The co CEOs of the new company released a joint press statement immediately after the shareholders meetings. According to this statement, theses meetings were a milestone in the merger process, putting it well on the way to a successful conclusion. The CEOs expressed their delight that the shareholders of both companies understood the operational, strategic, and financial benefits of merging and creating the largest online gaming company in the world.
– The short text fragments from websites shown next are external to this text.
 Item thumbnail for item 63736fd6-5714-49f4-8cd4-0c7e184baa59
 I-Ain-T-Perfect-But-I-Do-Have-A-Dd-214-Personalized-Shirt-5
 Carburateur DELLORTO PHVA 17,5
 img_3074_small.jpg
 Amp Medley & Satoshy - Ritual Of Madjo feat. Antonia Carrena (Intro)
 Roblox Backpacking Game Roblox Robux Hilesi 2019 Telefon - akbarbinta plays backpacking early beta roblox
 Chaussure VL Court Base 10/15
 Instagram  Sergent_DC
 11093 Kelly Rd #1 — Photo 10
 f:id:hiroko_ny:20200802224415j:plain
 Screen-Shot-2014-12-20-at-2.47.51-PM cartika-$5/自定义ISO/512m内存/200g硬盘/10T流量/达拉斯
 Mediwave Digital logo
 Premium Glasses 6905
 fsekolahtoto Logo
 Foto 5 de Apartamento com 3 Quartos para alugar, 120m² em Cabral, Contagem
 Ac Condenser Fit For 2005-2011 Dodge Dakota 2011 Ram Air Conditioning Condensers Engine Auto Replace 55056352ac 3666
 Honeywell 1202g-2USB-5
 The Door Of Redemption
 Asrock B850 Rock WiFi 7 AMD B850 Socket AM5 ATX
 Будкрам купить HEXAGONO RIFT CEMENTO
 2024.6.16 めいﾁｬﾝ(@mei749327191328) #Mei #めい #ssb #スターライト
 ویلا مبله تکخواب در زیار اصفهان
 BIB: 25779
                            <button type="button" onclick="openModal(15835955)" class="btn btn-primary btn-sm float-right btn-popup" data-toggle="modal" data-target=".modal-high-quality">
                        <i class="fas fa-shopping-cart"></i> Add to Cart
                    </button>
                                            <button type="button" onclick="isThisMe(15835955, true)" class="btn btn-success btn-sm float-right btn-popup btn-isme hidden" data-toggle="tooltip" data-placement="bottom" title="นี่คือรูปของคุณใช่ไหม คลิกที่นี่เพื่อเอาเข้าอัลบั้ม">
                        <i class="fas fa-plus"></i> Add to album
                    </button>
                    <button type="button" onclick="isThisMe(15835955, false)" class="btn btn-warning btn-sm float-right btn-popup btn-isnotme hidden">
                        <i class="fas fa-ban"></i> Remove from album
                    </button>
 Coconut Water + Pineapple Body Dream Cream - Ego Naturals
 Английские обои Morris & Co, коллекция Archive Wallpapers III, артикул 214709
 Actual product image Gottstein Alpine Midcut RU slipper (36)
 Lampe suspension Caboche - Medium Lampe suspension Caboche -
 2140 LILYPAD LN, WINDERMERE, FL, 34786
Bwin shareholders hold 51.6 percent of the shares of the new company and PartyGaming shareholders hold 48.4 percent. According to the prospectus of PartyGaming, which was released on Dec 23, 2010, Bwin and PartyGaming will continue to operate independently, owing to which the community of players at Bwin and PartyGaming will not notice any difference at the operational level.

However, players will reap benefits indirectly. The merger is expected to generate revenues of around €700 million, EBITDA of around €200 million approximately, post tax profit of around €100 million, and net assets worth more than €1.27 billion, states the prospectus. The merger will result in annual savings worth more than €55 million approximately, of which €40 million will be brought into effect in 2012 and the rest in 2013.

The new company plans to create an innovation laboratory to develop new social games, establish long-term relationships with prominent gaming bodies, push for the regulation and liberalization of the online gaming market in the USA, and explore possibilities for making more acquisitions in future.